A few minutes later, when they were in the Blazer touring the fire that was still raging all over the foothills, John produced an evidence vial with a disposable lighter inside, and said that the extinguishing cap was jammed open by a clip attachment which allowed the butane to flow. That was the incendiary device used to start the fire, he told Gomez.
As they toured, Gomez offered the resources of the state for the fire investigation. He told John that the next day he could have personnel on the scene to assist, and hopefully to get a lead on the person who'd set the incendiary device.
When they arrived at the mobile command post, John was asked by Battalion Chief Gray to give some kind of statement to the press. The arson investigator told Gray that he didn't have much to report, but when eager reporters spotted him and surged forward sticking a boom mike in his face, John not only gave a statement, but told them everything that he'd told Gomez about the point of origin, the butane lighter with the cap clipped open, all of it. Things that arson investigators never reveal, things that only the arsonist would know about and therefore must be kept secret.
They began to drive some more, where the fires were still sweeping up the hills, burning anything in the way. As an investigator, Gomez kept wondering, Why aren't we interviewing potential witnesses? Why aren't we doing something? What are we doing up here?
Thirty-five minutes later they were back at the command post where Glendale detective Robert Masucci told them he'd been assigned to assist the arson unit in interviewing some possible witnesses who lived in the apartment building across from the fire's area of origin.
They knocked at the door of a woman who'd reported something of great interest. She said that prior to observing the fire, she'd seen a man standing across the street where the brush begins, and that he was about five feet ten inches tall, had dark hair and a mustache, and wore khaki pants. He'd been standing with his back to her. The man drove a white or tan car, she said. The cop wrote down what she'd told them and they left.

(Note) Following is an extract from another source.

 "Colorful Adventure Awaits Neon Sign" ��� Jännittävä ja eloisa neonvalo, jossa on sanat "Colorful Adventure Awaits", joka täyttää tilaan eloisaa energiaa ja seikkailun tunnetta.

John hadn't opened his mouth during the interview. In fact, he'd spent the interview time in her bathroom, standing in the spot where the woman had stood when she looked out the window and saw a man hunched over in the brush right where the College Hills fire had ostensi
bly originated. It was at the mouth of a ravine, where the wind would take that fire up, creating a chimney effect.

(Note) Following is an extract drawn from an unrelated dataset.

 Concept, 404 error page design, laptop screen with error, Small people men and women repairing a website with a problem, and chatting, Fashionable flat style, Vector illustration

At 11:00 p. M., Gomez thought they were finally going to do something when John drove him to a residential street and said they should surveil for a while, and wait for a suspect who he thought might be worth checking. So they sat. And they sat. When Gomez asked questions about the suspect's car, John was vague and distracted and said he'd know it if he saw it again. After wasting another thirty minutes, they left.

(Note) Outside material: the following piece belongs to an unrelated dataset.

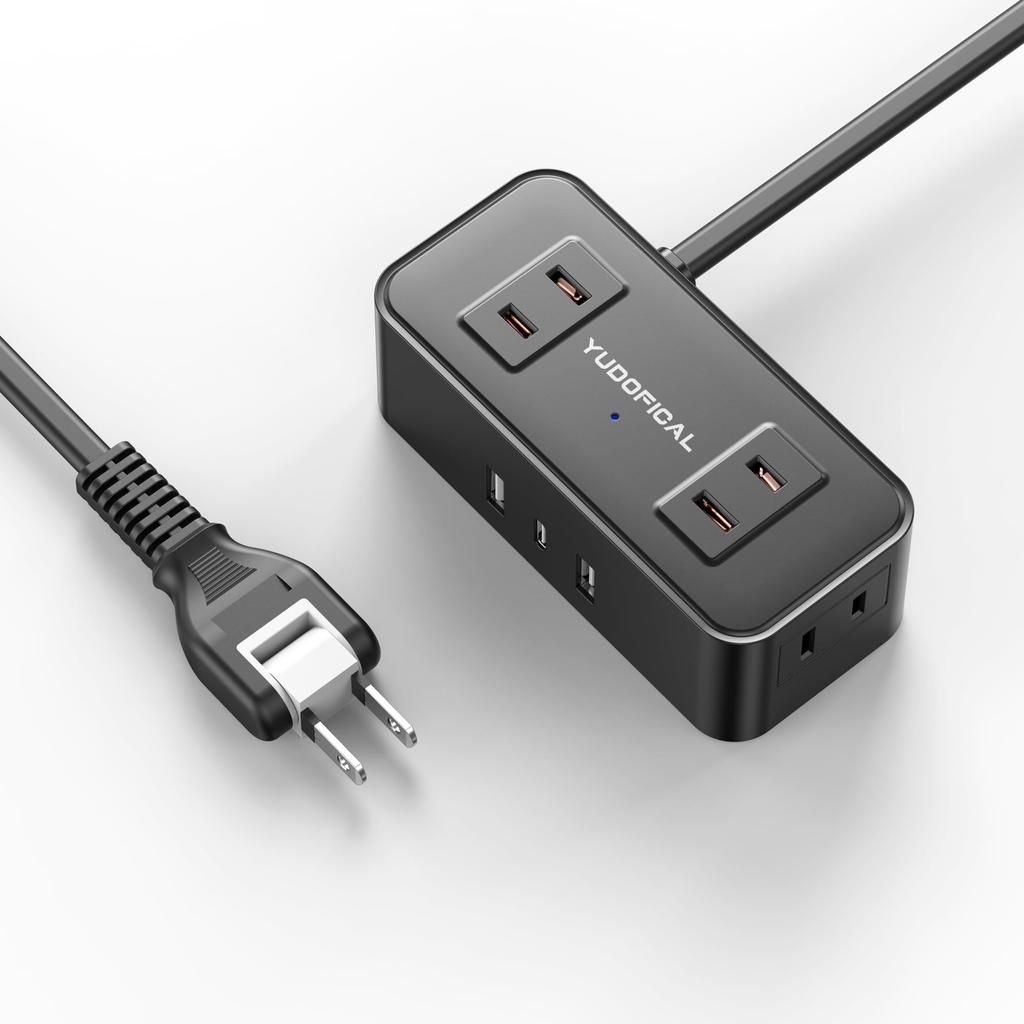 YUDOFICAL Steckdosenleiste Verlängerungskabel, 2m, mit Steckdosen und USB, Oktopus-Verkabelung, 4 AC-Steckdosen, 2 USB-A-Anschlüsse + Typ-C-Anschluss, Wandmontage, Oktopus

John thanked Moses Gomez and said he would call. The next day he did not call, so Gomez called him. But John told Gomez he had "everything under control" and that he'd send the fire marshal a copy of his report. But he never did. Gomez was the second person to say that the behavior of the Glendale arson investigator seemed very peculiar.
That evening in Fresno, at the California Conference of Arson Investigators, John Orr's partner, Don Yeager, and the other conferees had finished their training classes and had arrived at their hotel just in time for a wet-T-shirt contest that was about to begin.
But a Pasadena arson investigator walked up to Yeager and said, "Hey, do you know what's going on down in your city?"
Don Yeager turned on the TV and called Glendale Dispatch for an update. He decided there was no point leaving at that moment, but first thing in the morning he checked out of the conference and hit the highway south. By then he knew that this wasn't just a major fire; this was the largest fire in the city's history.
Twenty minutes after he arrived at the command post, John showed up and said, "What're you doing here?"
"I thought you'd need help," Yeager said.
But John said, "No, I have it under control."
Under control? What did that mean? Yeager asked, "Have you had time to do any canvassing?"